The People’s Republic of China commits genocide against the Uighurs, an ethnic minority of Muslims that has been forced into slave labor and re-education camps.
The CCP has squelched any semblance of freedom of speech among its own people, frequently rounding up dissenters and anyone deemed problematic, jailing or killing them.
Lai fled this terror when he hopped in the bottom of a boat heading for an unknown place decades back. But now that terror is back and worse than ever.
Lai has participated in many protests against the CCP and always had one requirement: He wanted to stand in the front, where officials could see him.
Today, Lai fights for his freedom from behind bars. On Dec. 13, he was sentenced to 13 months in prison over his participation in a banned vigil for the victims of the Tiananmen Square massacre.

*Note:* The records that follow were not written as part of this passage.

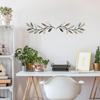 Wrought Iron Olive Branch Wall Decoration for Indoor/Outdoor Use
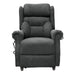 Electric Lift Recliner for Therapy Fabric Graphite Front View
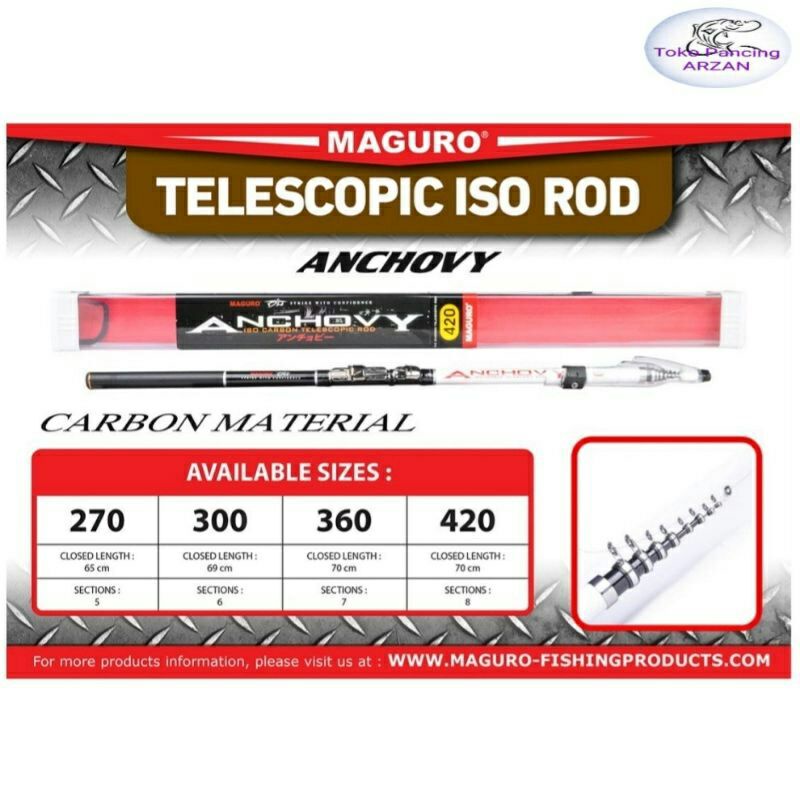 JORAN TELESCOPIC MAGURO ANCHOVY CARBON | 360 - 420 |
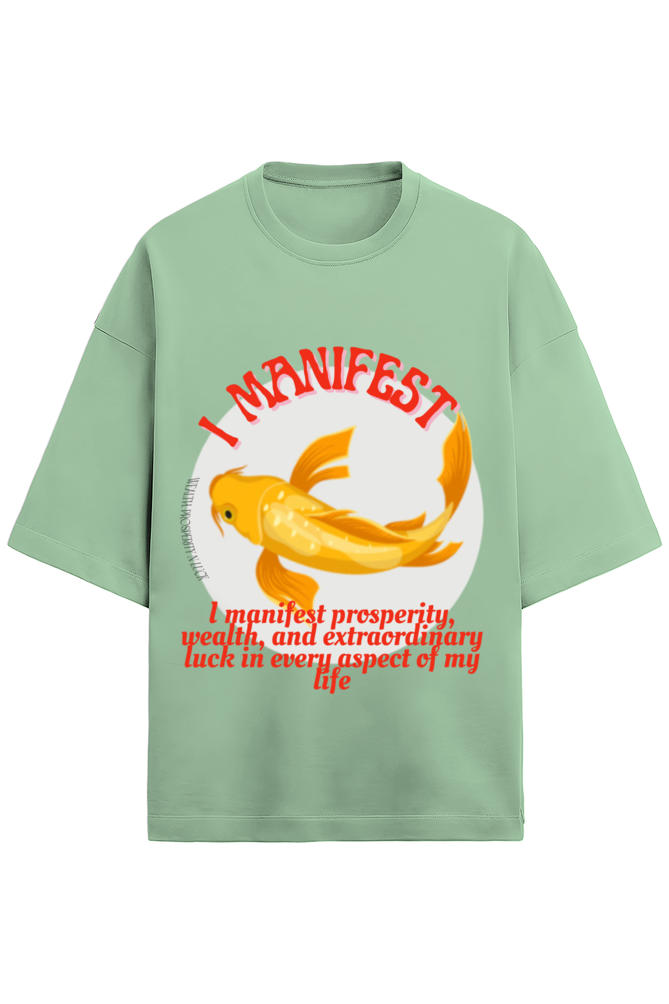 Gold Koi  fish Unisex Oversized Terry Tshirt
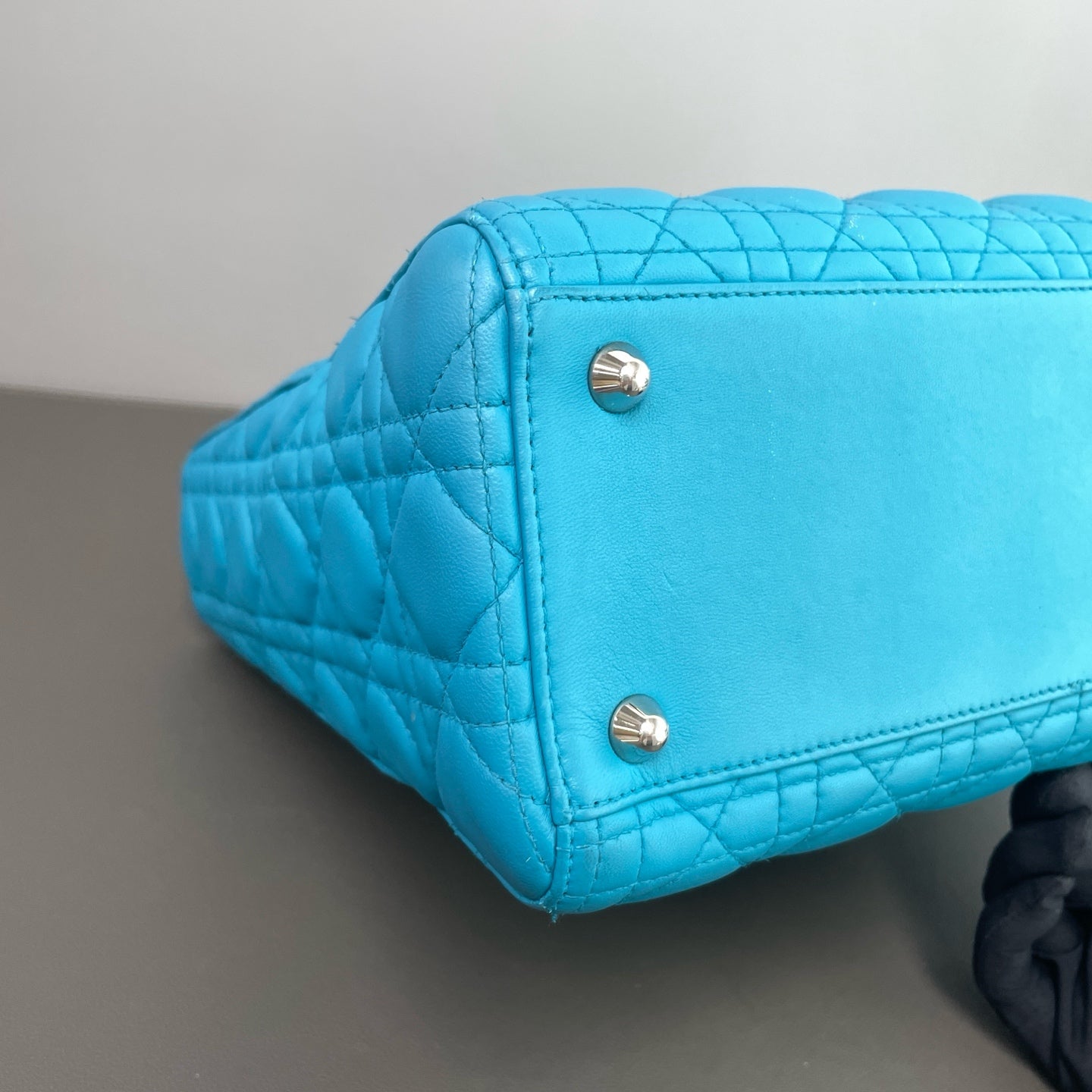 Dior - Lady Dior - Leather - Blue - (large)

This is on top of the 14-month sentence he received on May 28 for helping to organize an unauthorized pro-democracy rally, and in addition to the six months he had already served.

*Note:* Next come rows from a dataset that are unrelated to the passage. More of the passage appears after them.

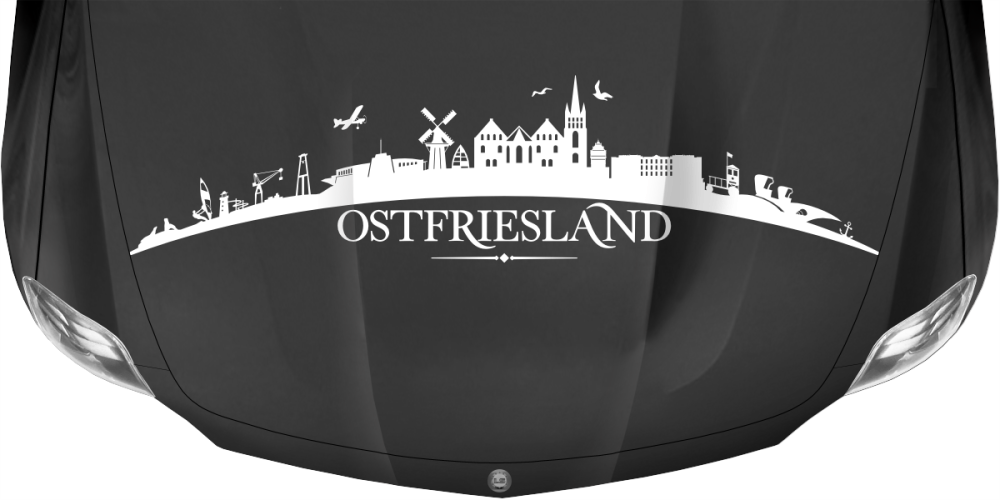 Autoaufkleber Skyline Ostfriesland
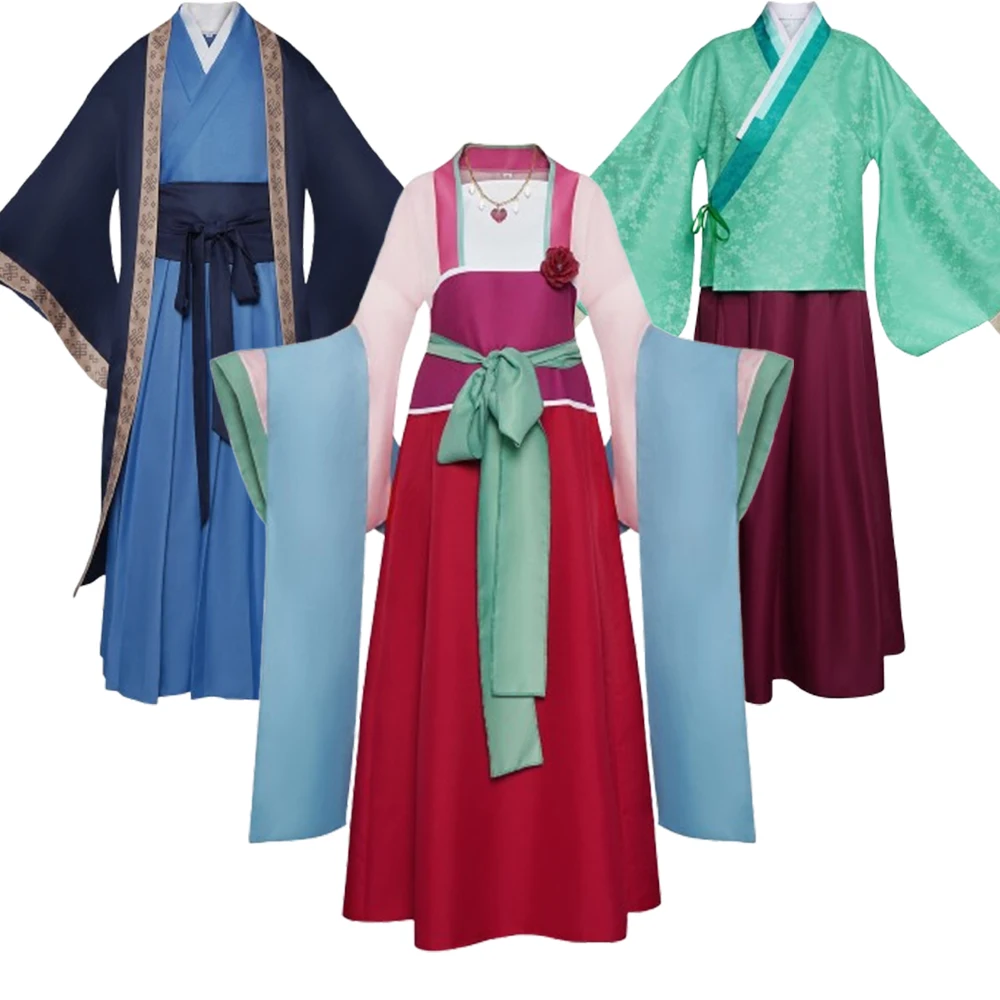 

Jinshi Maomao Cosplay Costume Anime Apothecary Diarie Men kimono Robe Suit with Headwear Kusuriya Outfits for Comic Con Themed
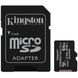 Карта памяти MicroSD 64 GB Kingston для записи видео с дрона и SD-адаптером в комплекте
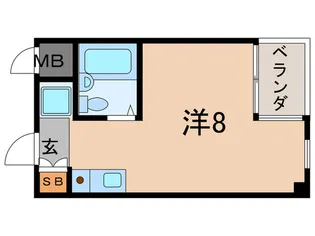アクティ王子公園【7階】の間取り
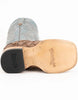 Ferrini Bronco Men's Print Pirarucu Fish Square Toe Boots Handcrafted Brown 6 43393-10-080-D  - from alligatorwarehouse.com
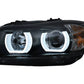 U-LED 3D Esituled Halogeen BMW 3. seeria E90/E91 03.2005-08.2008 LHD Must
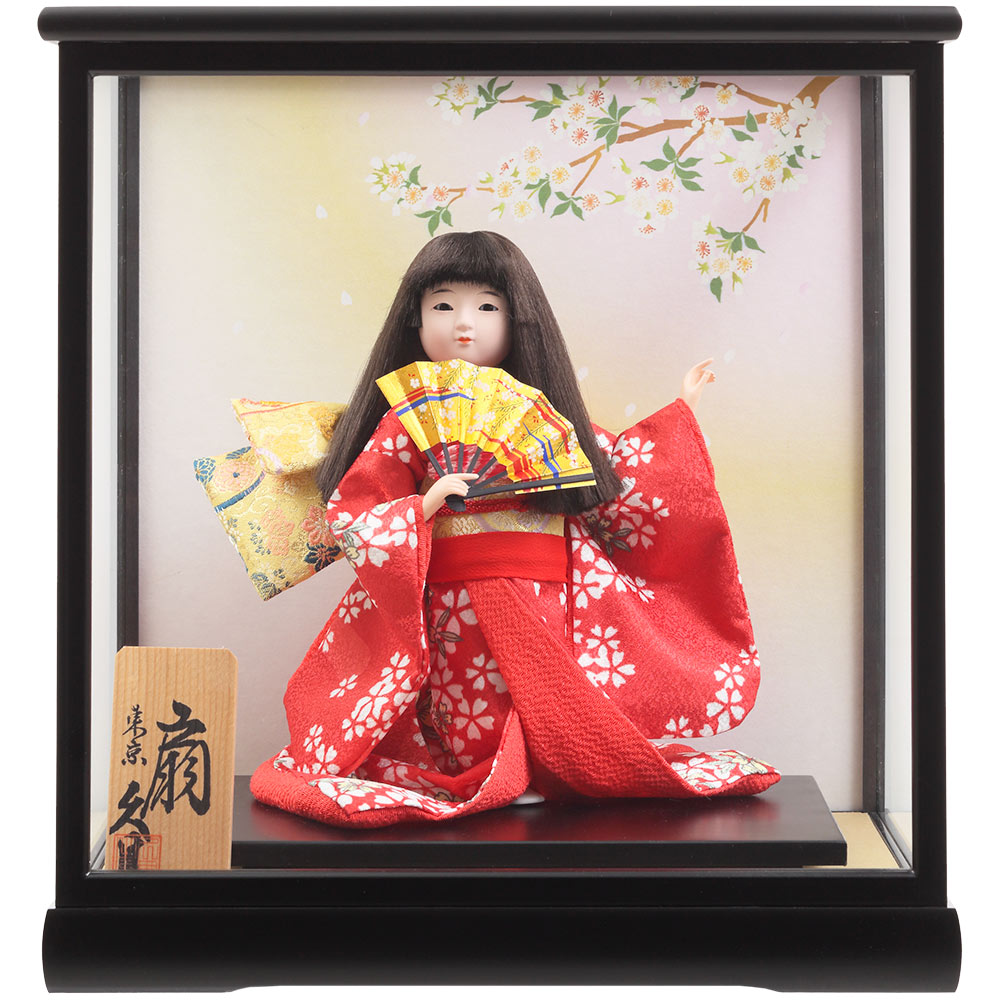 浮世人形ケース飾り 舞扇 73H-U5 | 浮世人形 | 【公式】 人形の久月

He is still awaiting a third trial for alleged violations of the CCP’s national security laws, which are so broad as to allow the government to use them in any way it sees fit to silence dissent.
Nevertheless, Lai remains strongly rooted: first in his fervent Catholic faith, and second in his unshakable support of freedom.
The Chinese government wants him silenced, but Jimmy Lai’s fight in Hong Kong is far from done.
“Even if they kill me, I will fight to the last day,” Lai said.